Well, this book was written at the height of the Stalinist regime, and just after the Hitler regime, and there he foresaw a dictatorship using entirely the methods of terror, the methods of physical violence. Now, I think what is going to happen in the future is that dictators will find, as the old saying goes, that you can do everything with bayonets except sit on them!

But, if you want to preserve your power indefinitely, you have to get the consent of the ruled, and this they will do partly by drugs as I foresaw in “Brave New World,” partly by these new techniques of propaganda.

They will do it by bypassing the sort of rational side of man and appealing to his subconscious and his deeper emotions, and his physiology even, and so, making him actually love his slavery.

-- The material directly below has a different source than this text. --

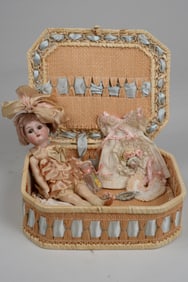 8 IN. SWEET K & R FLAPPER IN WICKER BASKET:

I mean, I think, this is the danger that actually people may be, in some ways, happy under the new regime, but that they will be happy in situations where they oughtn’t to be happy.

As the tyranny men crossed an ocean to run away from grows back with a vengeance, most Americans (especially conservatives) are able to delude themselves into thinking “It can’t happen here.” It is happening here, fools.

Indeed, the flag-wavers who love their freedom as long as it isn’t breaking the countless laws that have been passed to control them (what a contradiction!) actually love their slavery. Someone might ask these men what freedoms do they have that aren’t taxed, regulated, or straight up illegal?

Which leaves us here, with yet more sage wisdom from the prophetic author.

That men do not learn very much from the lessons of history is the most important of all the lessons that history has to teach.

Huxley knew that men never collectively learn from history despite all their posturing. Only a small minority of men will ever be able to see what history has to teach, and know what might happen in the future by learning from the past. These men will always be vilified and mocked by the masses, until the truth they’re trying to elucidate becomes self-evident.

It’s as if the learned man can do nothing except watch himself being dragged into hell with the masses, as the world descends into tyranny once again.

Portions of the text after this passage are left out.